I seem to recall reading in about 2000 or so, that Frank Thomas was high in the top 10 in all time OPS+, which takes your OBP + SLG and adjusts it for era and ballparks. This is generally a good measure of comparing offensive firepower, as everyone at this point seems to accept slugging and on-base as probably the most important stats. Thomas was basically surrounded by Ted Williams, Babe Ruth, and a few other absolute hitting legends on this list. He’s now “only” 14th, surrounded by guys like Jimmie Foxx and Stan Musial.
And it’s not like people weren’t noticing - Thomas finished in the top 3 in AL MVP voting five times over a ten year period. And nobody was more feared by opposing pitchers and teams during the 90s, no matter how bad he was with the glove.
Quite simply, when you think of offense and the 1990s (and you can’t think of one without the other), you think of Griffey, Bonds, and then Thomas. I can imagine a 17 year old who only remembers 1997 and on questioning Thomas’s hall of fame credentials, but not a baseball “expert” who has been around the game for years.
In looking up Thomas’s numbers, I stumbled across this Hardball Times article that lays out the defense in much more detail than I can. But by every offensive measure, Thomas is a first-ballot hall of famer. Read the article if you want to remember just how good his career has been, but when analyzing Thomas, the comparisons are more Ted Williams, Frank Robinson, Rickey Henderson, Eddie Collins, not Dale Murphy and Don Mattingly.
The problem with guys like Kay, is they can only focus on a limited number of career counting stats. How many all-star games? How many home runs? Oh yeah, well this guy has more, and he’s not in! Thomas has a career .427 on-base percentage – only six guys in history are .01 better. And not to spoil the Hardball Times article, but Thomas is the only guy with seven straight years of hitting .300, 20 HRs, 100 RBI, 100 Runs, and 100 Walks. Only guy to do it six straight? Ted Williams.
Frank Thomas is no Ted Williams. But he sure as hell ain’t Dale Murphy.
I promise not to rant this much at every stupid Michael Kay comment, as it would lead to my job firing me, my wife leaving me, and me forgetting to bathe, as it will become a 24-hour a day hobby. But I thought it worth a reminder just how great the Big Hurt’s career was. And even Kay admits, it is widely believed that he did it all without steroids.
2 Comments:
Oof...Monocle! Michael Kay tarnishes ESPN Radio's name as well. The best is when Kenny Singleton responds to Kay with absolute silence. You can imagine him sighing and wishing he could throw him physically out of the booth. Yet, somehow Kay keeps getting more and more work.

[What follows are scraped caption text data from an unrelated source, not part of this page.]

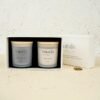 Candle Gift Set. 24K Gold Foil and Black Onyx -80 Hours of Clean Burn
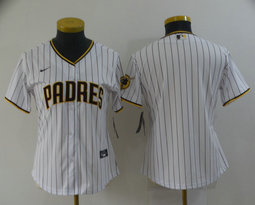 Women's Nike San Diego Padres Blank White Game Authentic Stitched MLB Jersey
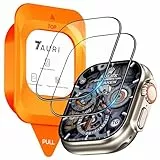 TAURI 3 in 1 Panzerglas für Apple Watch Ultra 3/2/1 49mm, 2 Stück 9H Displayschutz mit 1 Stück Auto-Ausrichtungskit, HD Anti-Kratzen Gehärtetes Glas Displayschutzfolie für iWatch 49mm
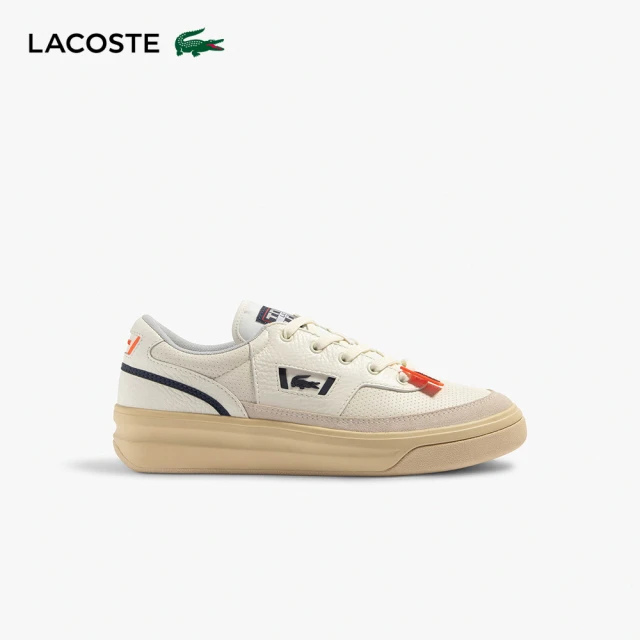 LACOSTE 男鞋-L003跑道紡織運動鞋(橘色) 推薦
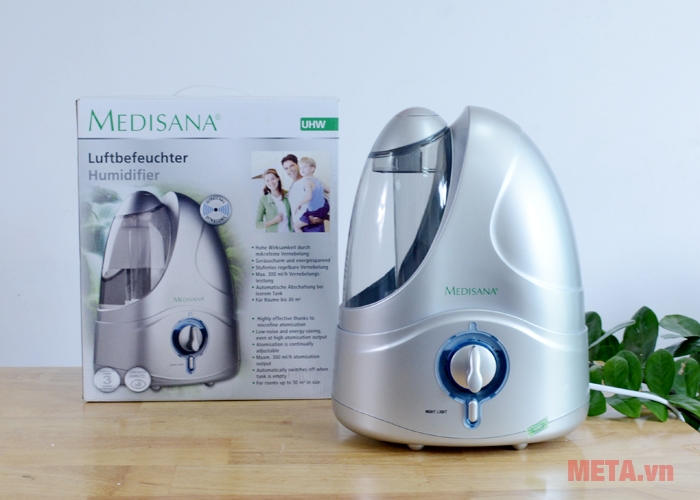 Hình ảnh bộ sản phẩm máy tạo độ ẩm Medisana UHW 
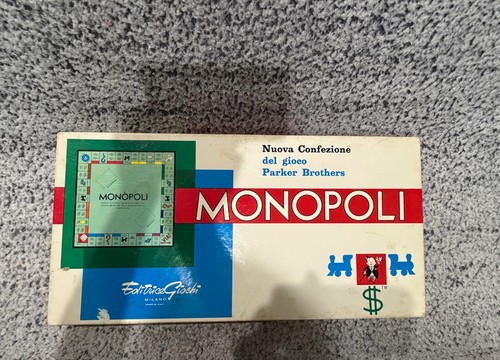 Vintage italian monopoly - vintage,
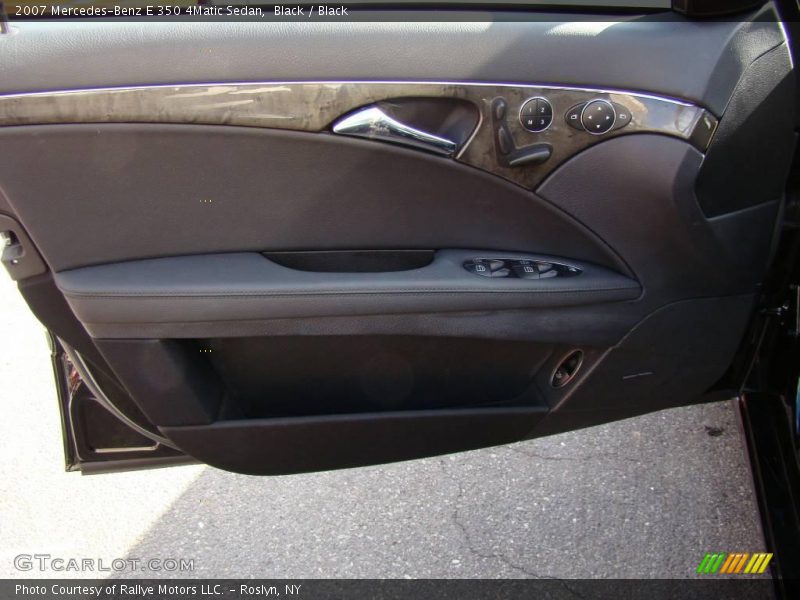 Black / Black 2007 Mercedes-Benz E 350 4Matic Sedan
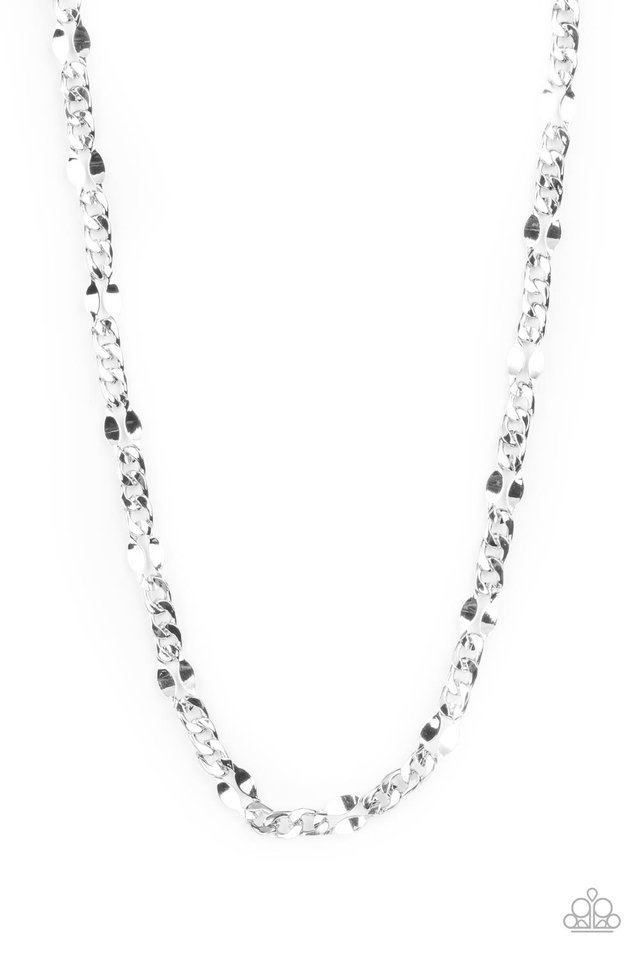 G.O.A.T - Silver - Paparazzi Necklace Image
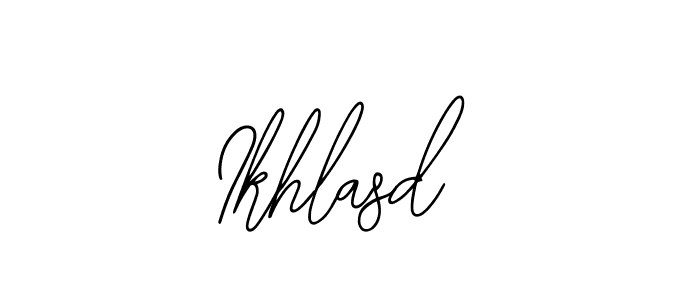 Make a beautiful signature design for name Ikhlasd. Use this online signature maker to create a handwritten signature for free. Ikhlasd signature style 12 images and pictures png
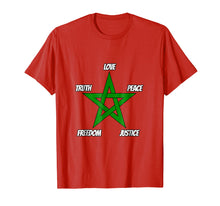 Load image into Gallery viewer, L.T.P.F.J. Moroccan Flag T Shirt Moorish American Clothing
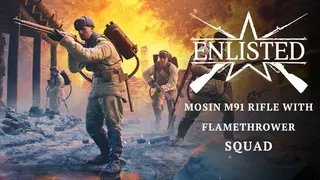 Enlisted - Mosin M91 rifle with flamethrower Squad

Don't worry, Darlucky, I wouldn't leave you. We'd have an intervention first. Though I'd be right there with you for the first several sordid smelly months.
The without steroids point helps even more because it presumably raises the league OPS thereby diminishing Thomas's, to a degree.

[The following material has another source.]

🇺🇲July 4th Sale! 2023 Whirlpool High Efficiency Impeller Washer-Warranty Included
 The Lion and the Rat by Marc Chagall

I remember having a conversation in 1997 about how underrated Frank Thomas was as a player. At the time, before I knew a damn thing about sabermetrics and all that jazz, my friend Ben and I concluded that Bonds and Thomas were the two best players of the decade and both were ridiculously underrated and underappreciated. If that is how I felt before Thomas even had a bad year, it isn't shocking that he is more underappreciated now. (And if you wonder why I remember that conversation, it has to do with 1) living in Baltimore and hearing all the time how good Palmiero, Ripken, and Brady Anderson were and 2) having the same conversation more than a dozen times.)
Bonds took steroids, broke records and "corrected" that problem. Thomas did nothing and now he gets "punished" for it by the likes of mental midgets like Michael Kay. Thomas didn't play for the Yankees and the White Sox weren't that good.